- _ACTIVITY_: Send back the line that contains "Elektron Model:Samples 6-Track" and all lines following it through the end of the data below, exactly, omitting pictures.

- _SUPPLIED MATERIAL_:
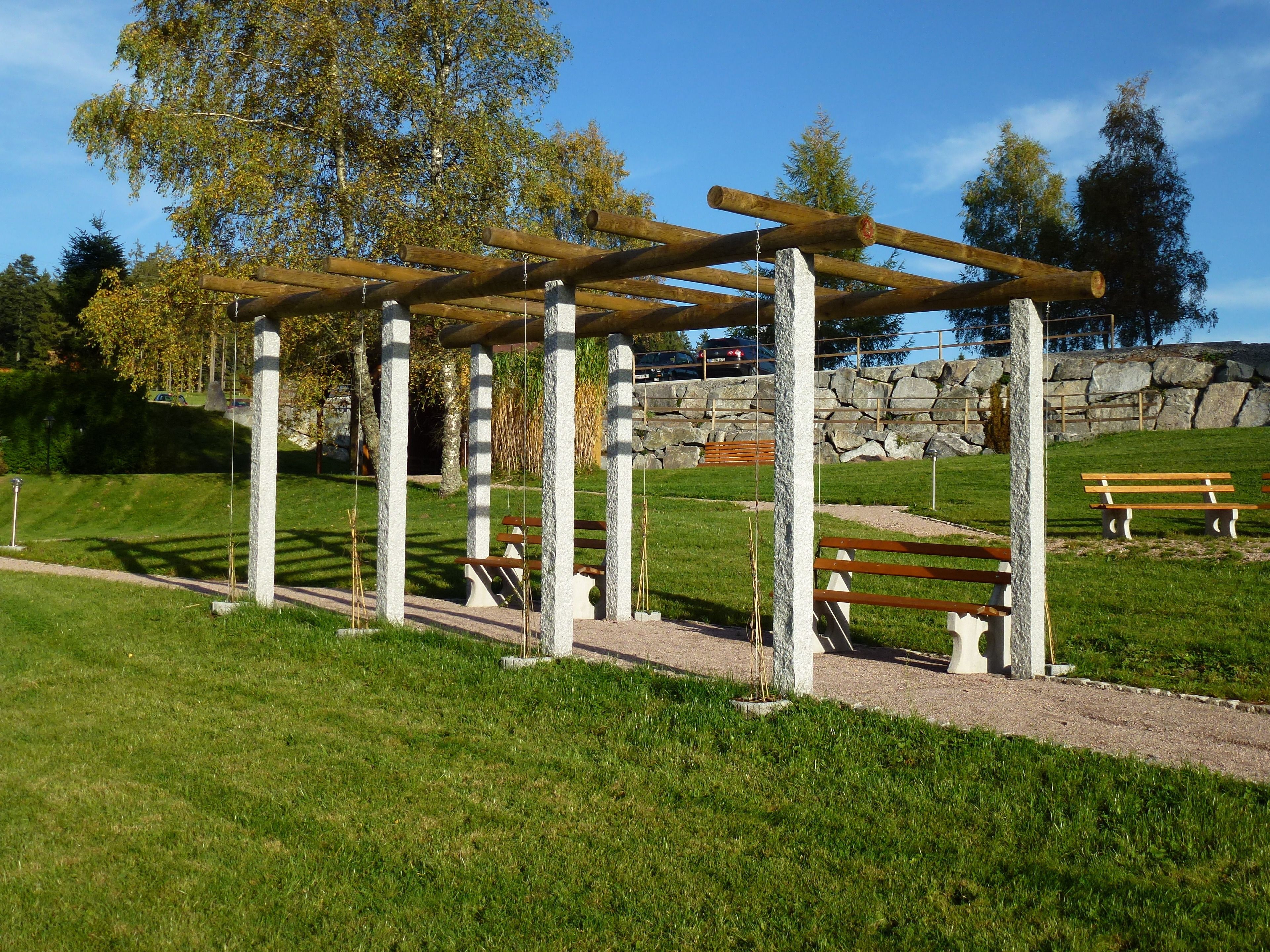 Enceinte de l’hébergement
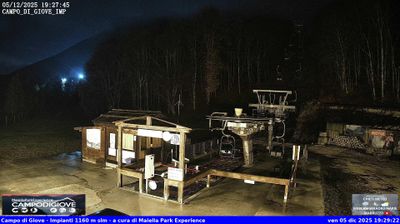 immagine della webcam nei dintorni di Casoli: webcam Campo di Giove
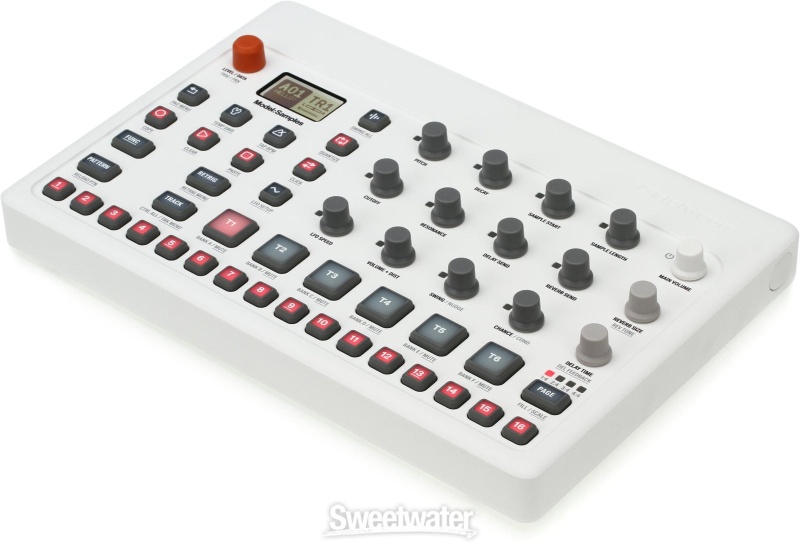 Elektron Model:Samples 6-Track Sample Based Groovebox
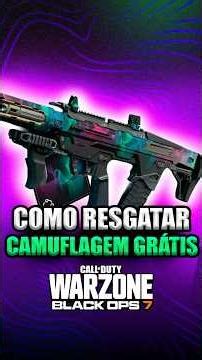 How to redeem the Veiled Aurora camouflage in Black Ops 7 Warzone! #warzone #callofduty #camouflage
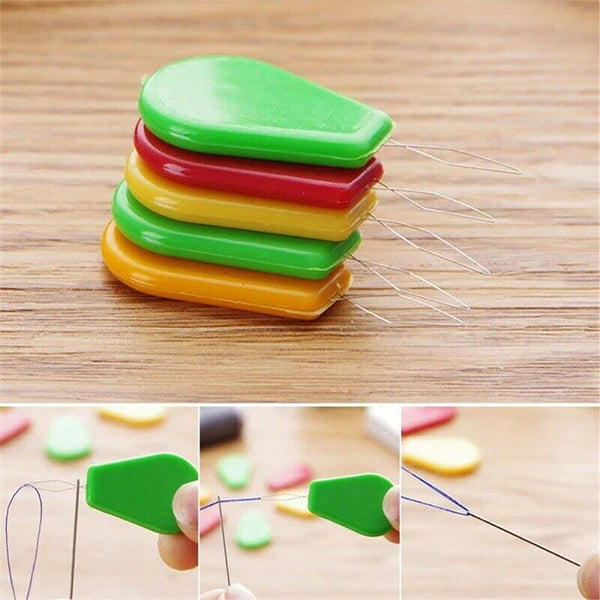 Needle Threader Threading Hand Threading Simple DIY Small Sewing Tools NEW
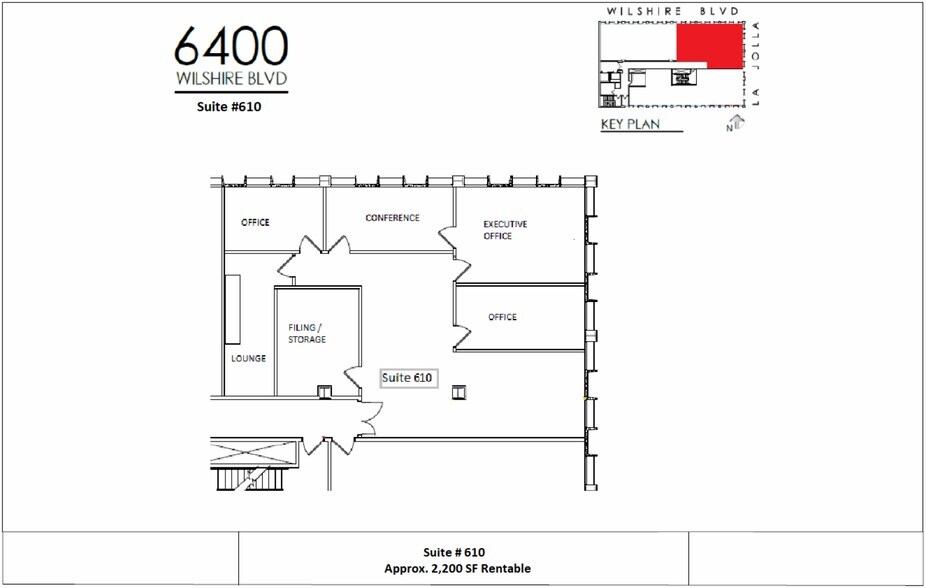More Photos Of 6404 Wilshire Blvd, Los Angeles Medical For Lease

- _EXERCISE RESULT_:
 Elektron Model:Samples 6-Track Sample Based Groovebox
 How to redeem the Veiled Aurora camouflage in Black Ops 7 Warzone! #warzone #callofduty #camouflage
 Needle Threader Threading Hand Threading Simple DIY Small Sewing Tools NEW
More Photos Of 6404 Wilshire Blvd, Los Angeles Medical For Lease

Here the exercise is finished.